Most of the films in this next list I have not seen for one reason or another. May we both learn something new from this post!
36. Les Triplettes de Belleville (The Triplets of Belleville), 2003
One of two films directed by Slyvain Chomet I will mention on this list, this is one of the hidden gems from the French Cinéma. Released the same year as Finding Nemo, it was nominated for two Academy Awards: Best Animated Film and Best Original Song. I do not know much more about this movie and I have never seen it. I avoided it partially because I believed it would be crude. Now, I think I will give it a try despite my predetermined notions.
To the visuals. I love the colors. The various autumn shades of brown, green, red and blue give it a antiqueish look. It is kind of like looking at illustrations from an old newspaper. There is only one thing I do not like about the visuals. The character animation. I know that usually is not a factor, but the ugly, gritty designs really distracted me when I looked through its pictures.
You (and I), if you have never seen this film should give it a try if only to see the background art. I wish there was more I could tell you about this film but that will have to wait until I watch it myself. I promise his other film will have some more useful information.
This is another film with autumn like colors. That probably explains why its visuals caught my attention at all. Directed by Brad Bird, this is my favorite Pixar film. Once again, one may wonder why it is not in my other list. Well, though I like the overall atmosphere of the movie, visually it is simple. It actually has a similar color scheme as The Triplets of Belleville, but in 3D animation. This makes sense, because they both take place in France.
I think the focus of this film is on its story rather than immaculate imagery. Though it takes pauses in its story to showcase a beautiful countryside or the Eiffel Tower, the imagery is simply calming. It is interesting watching this movie because I have been to Paris and recognize many of the places shown. I believe Ratatouille highlights the lovely Parisian atmosphere subtly. I think that was best.
Again, this is a film everyone should go out of their way to see. It is not your everyday animated film, having complex characters and a brilliant ending. My favorite still from the film would the ship sailing steadily down the River Seine.
This film is based on Marjane Satrapi‘s autobiographical graphic novel. Set during the Iranian revolution, it was co-directed by Satrapi and fellow comic artist Vincent Parounnand. Obviously modeled after her graphic novel, it feels like the world told through the eyes of an artist. Though such horrible things happen, there is an obvious disconnection from reality. But then again, many of the subjects she addresses could not be adapted well or accepted without animation.
I have never see this film and do not plan to. I have a hard time seeing movies with main characters who forsake morality for personal reasons. But, this film’s style does have a strange beauty to it. Reminiscent of old black and white cartoons, it reminds me of Shel Silverstein’s poetry books. Like his poetry, Persepolis had the look of a children’s story but at its heart was told from an adult’s perspective .
I can neither recommend nor condemn this film.
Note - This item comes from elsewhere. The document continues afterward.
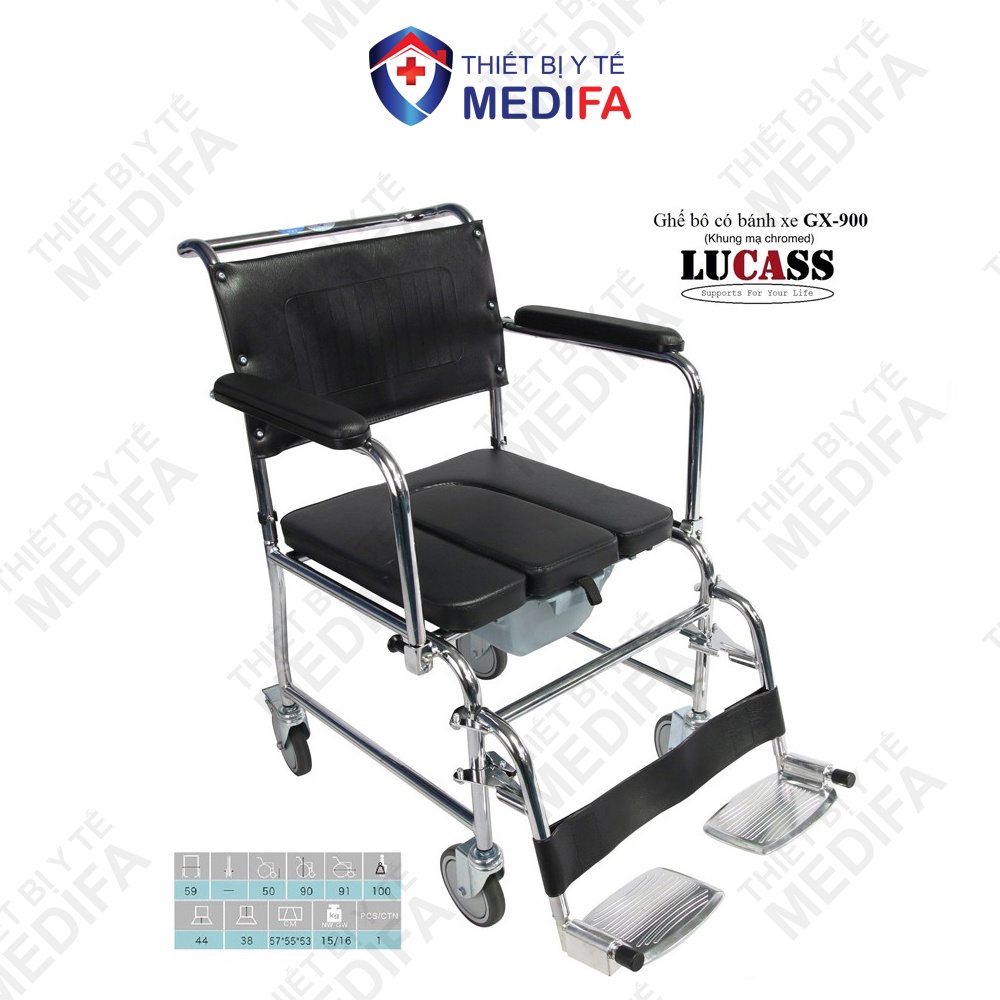 Ghế Bô Cho Người Già, Người Ốm Lucass GX-900 Có Đệm, Bánh Xe, Gác Chân - Như 1 Chiếc Xe Lăn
It is not my place. In its own way, it is beautiful as it is told personally by the author. But, it does not appeal to me as much as it would others.
This a unique addition to the list. The only Israeli animated film I have ever heard of, it tells the story of a young man Ari Folman suffering from amnesia. Autobiographocal and visually jarring, this is not a film for children. Well, at least not unless they are learning about wars in the Middle East and Lebanon. Yet another film I will never see, I do want to acknowledge Ari Folman‘s contribution to the annals of animation.
It is not, as I supposed, rotoscope animation but a combination of Adobe Flash cutouts and traditional hand drawn animation. How did this work? Well all the drawings were cut into hundreds of pieces in order to create an illusion of movement. The result was a comic style atmosphere with gritty imagery. Do I like it? Well….
The process is incredible but the final product feels disjointed. Some of the scenes actually made me feel sick to my stomach at times. That is not conducive to an aesthetic experience. But this film is yet incredible and thought provoking.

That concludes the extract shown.